Caption-style text data
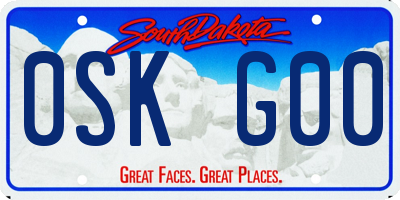SD license plate 0SKG00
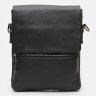 Мужская кожаная черная сумка на плечо с фиксацией на клапан Borsa Leather (21315) - 2
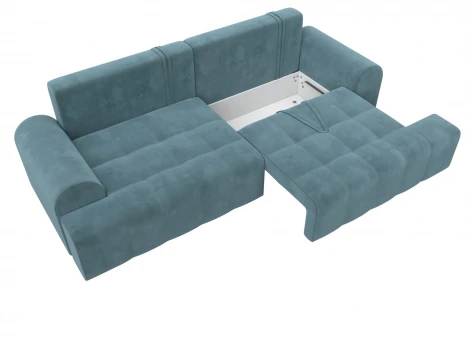 Диван прямой Лига-080 (ДСП/Пластик/Велюр/Бирюзовый) Лига Диванов 131115
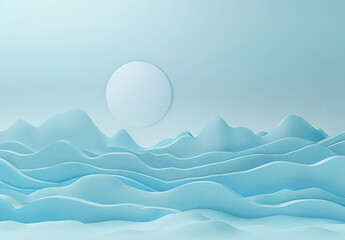 Paper art style landscape with rolling blue hills and a white moon on a sky-blue background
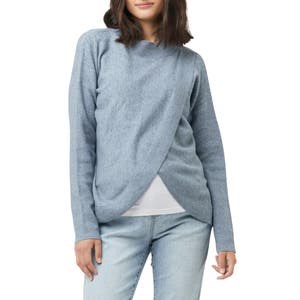 Демисезонный лонгслив для кормящих мам Desi от Ripe Maternity с ребристой отделкой и кросс-панелью 10043054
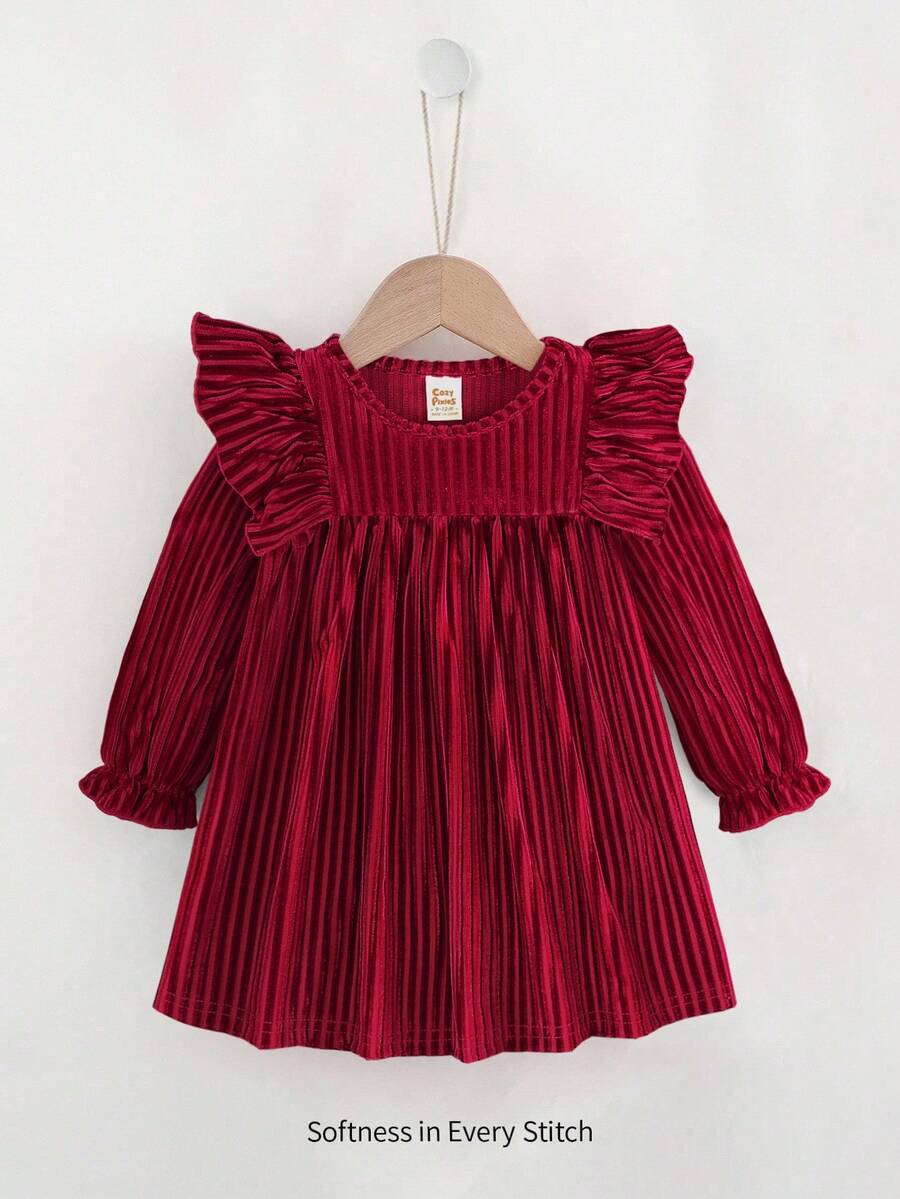 Cozy Pixies Baby Girl Solid Color Knitted Soft Round Neck Ruffle Hem Waist Dress - Burgundy - View 1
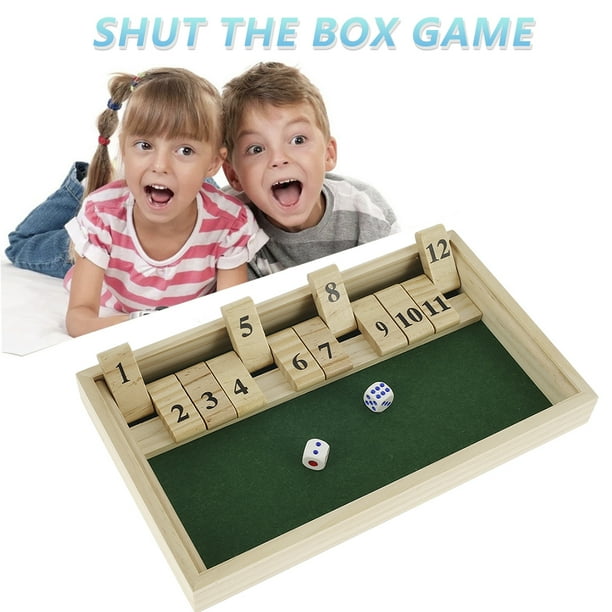 EUWBSSR Juego de Cerrar la Caja - 12 Números, Juegos de Madera para Adultos - Juego de Mesa Plegable
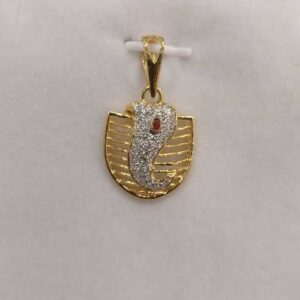 22K / 916 Gold Gents Casting Pave Pendant
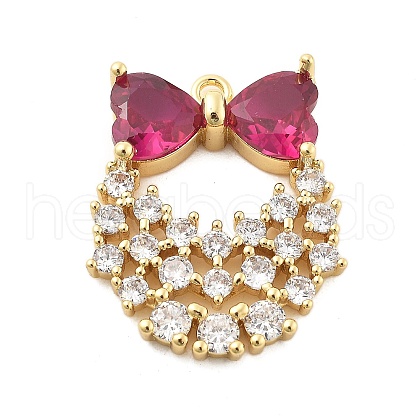 Brass Micro Pave Cubic Zirconia Pendants KK-L228-26G-1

● **Aim of the exercise**
Beginning with the line that contains "Демисезонный лонгслив для" and ending with the last line of the entries above, repeat each line exactly, but not the pictures.

● **Response to this exercise**
 Демисезонный лонгслив для кормящих мам Desi от Ripe Maternity с ребристой отделкой и кросс-панелью 10043054
 Cozy Pixies Baby Girl Solid Color Knitted Soft Round Neck Ruffle Hem Waist Dress - Burgundy - View 1
 EUWBSSR Juego de Cerrar la Caja - 12 Números, Juegos de Madera para Adultos - Juego de Mesa Plegable
 22K / 916 Gold Gents Casting Pave Pendant
 Brass Micro Pave Cubic Zirconia Pendants KK-L228-26G-1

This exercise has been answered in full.